WHAT THE EXERCISE ASKS
Everything from the line containing "Detached at 17" to the end of the listing, both included, should be returned exactly, apart from the pictures.

COLLECTED DATA

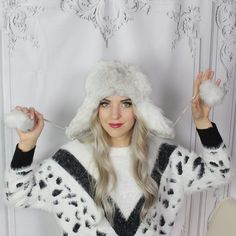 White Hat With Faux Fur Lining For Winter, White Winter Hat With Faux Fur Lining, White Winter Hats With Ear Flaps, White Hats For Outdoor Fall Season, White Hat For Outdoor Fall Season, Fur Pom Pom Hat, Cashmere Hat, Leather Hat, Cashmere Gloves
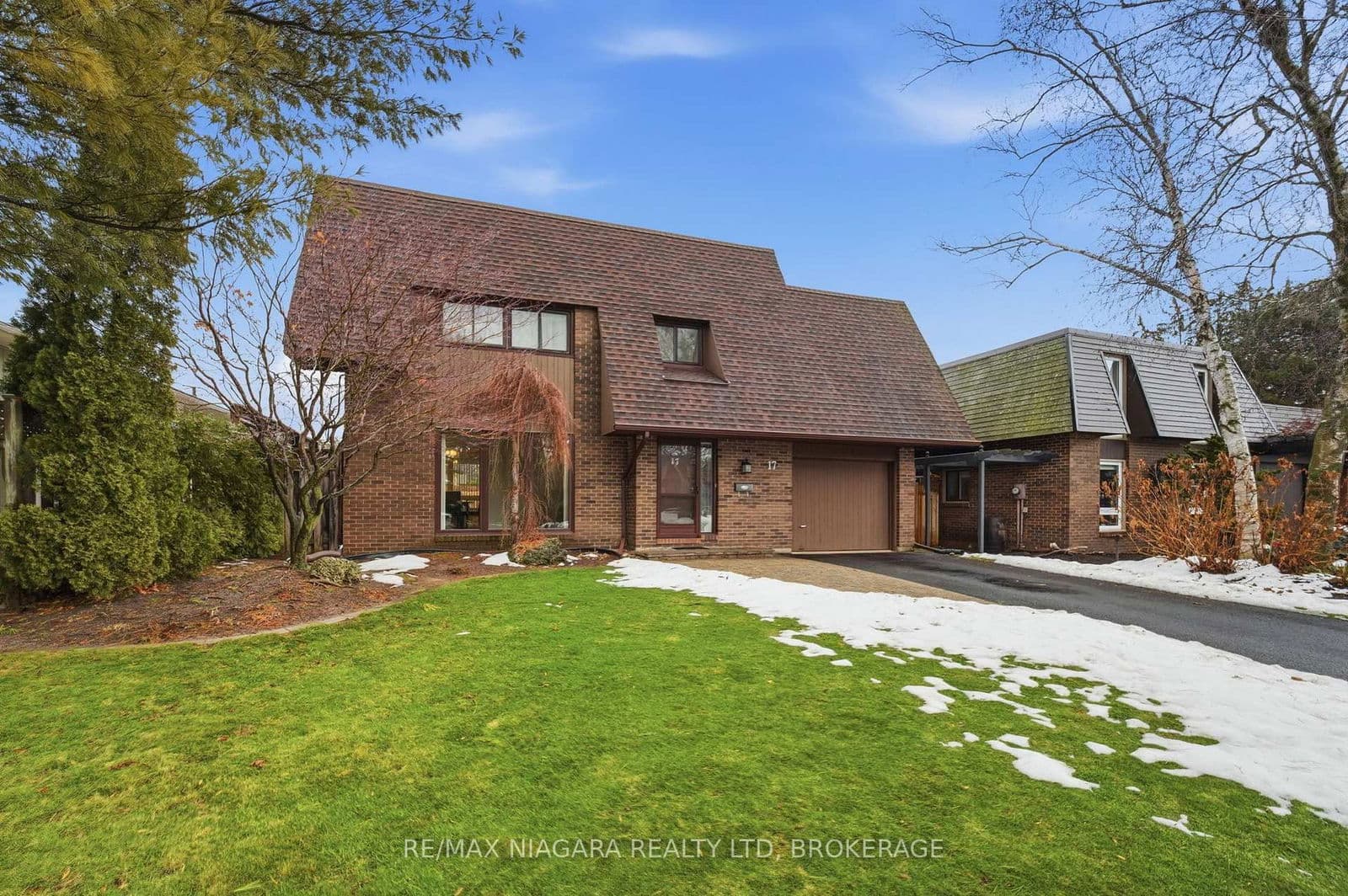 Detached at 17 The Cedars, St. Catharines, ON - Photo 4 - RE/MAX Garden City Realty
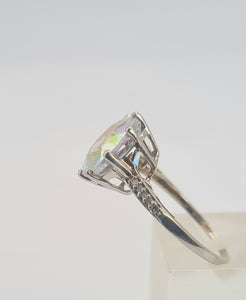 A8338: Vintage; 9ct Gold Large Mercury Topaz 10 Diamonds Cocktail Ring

TASK OUTPUT
 Detached at 17 The Cedars, St. Catharines, ON - Photo 4 - RE/MAX Garden City Realty
 A8338: Vintage; 9ct Gold Large Mercury Topaz 10 Diamonds Cocktail Ring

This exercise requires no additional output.